I see it a bit like "Don't roll your own crypto". Clearly some people are exempted from it, but you better be able to tell me why you get an exception.
Disclosure: I work on Google Cloud and want you to pay for Spanner :).
1. Defining high availability in terms of how a system is used: "In turn, the real litmus test is whether or not users (that want their own service to be highly available) write the code to handle outage exceptions: if they haven’t written that code, then they are assuming high availability. Based on a large number of internal users of Spanner, we know that they assume Spanner is
2. Ensuring that people don't become too dependent on high availability: "Starting in 2009, due to “excess” availability, Chubby’s Site Reliability Engineers (SREs) started forcing periodic outages to ensure we continue to understand dependencies and the impact of Chubby failures."
I think 2 is really interesting. Netflix has Chaos Monkey to help address this (https://github.com/Netflix/SimianArmy/wiki/Chaos-Monkey). There's also a book called Foolproof (https://www.theguardian.com/books/2015/oct/12/foolproof-greg...) which talks about how perceived safety can lead to bigger disasters in lots of different areas: finance, driving, natural disasters, etc.
I became a way better winter driver when I started intentionally fishtailing in snow and ice (in low risk situations).
Google launching Spanner is generally a positive thing for our industry and our product. It's more proof that what we're aiming for is possible and that there's demand for it. We expect that in five years, all tech companies will be deploying technology like ours.
One of the big differences is that Spanner only uses SQL for read-only operations, with a custom API for writes. We use standard SQL for both reads and writes, which means we also work with major ORMs like GORM, SQLAlchemy, and Hibernate (docs should be live today or tomorrow). Spanner's custom write API will make it difficult to work with existing frameworks, or to convert an existing application to Spanner.
Cloud Spanner only works on Google Cloud and is a black-box managed service. CockroachDB is open source and can be run on-prem or in any cloud on commodity hardware. (We don't offer CockroachDB as a service yet, but may in the future)
At this point, both products are still in beta and are still missing features like back-up and restore (according to the Quizlet blog post). We plan to launch CockroachDB 1.0 with back-up / restore enabled.
* For anyone wanting to know more about how we make CockroachDB work without TrueTime, see our blog post: https://www.cockroachlabs.com/blog/living-without-atomic-clo...
No startup will be able to replicate that anytime soon, a lot of time (and money) has been put into it by a lot of people over a long time.
Could any government?
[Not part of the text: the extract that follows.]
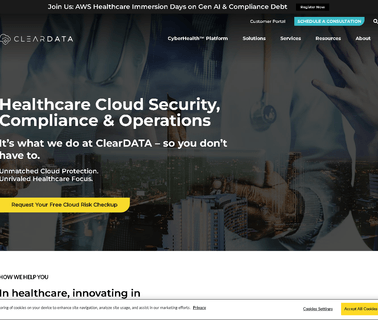 Home - Cleardata associate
Has any government?
My impression is that, infrastructure wise, Google is genuinely in a class of size one.
How much more infrastructure do they have besides AWS? How much does Google have besides GCP?
I don't think you can draw any definitive conclusions from this, but calling it a class of size 1 or 2 is probably an overstatement of Google (+/- Amazon)'s advantage over Microsoft at least.
NSA's annual budget is $50bn. U.S. military budget is about $600bn.
Google's revenue is $90bn and they don't spend all of it.
> A simple statement of the contrast between Spanner and CockroachDB would be: Spanner always waits on writes for a short interval, whereas CockroachDB sometimes waits on reads for a longer interval. How long is that interval? Well it depends on how clocks on CockroachDB nodes are being synchronized. Using NTP, it’s likely to be up to 250ms. Not great, but the kind of transaction that would restart for the full interval would have to read constantly updated values across many nodes. In practice, these kinds of use cases exist but are the exception.
CockroachDB is waiting for time keeping hardware to improve.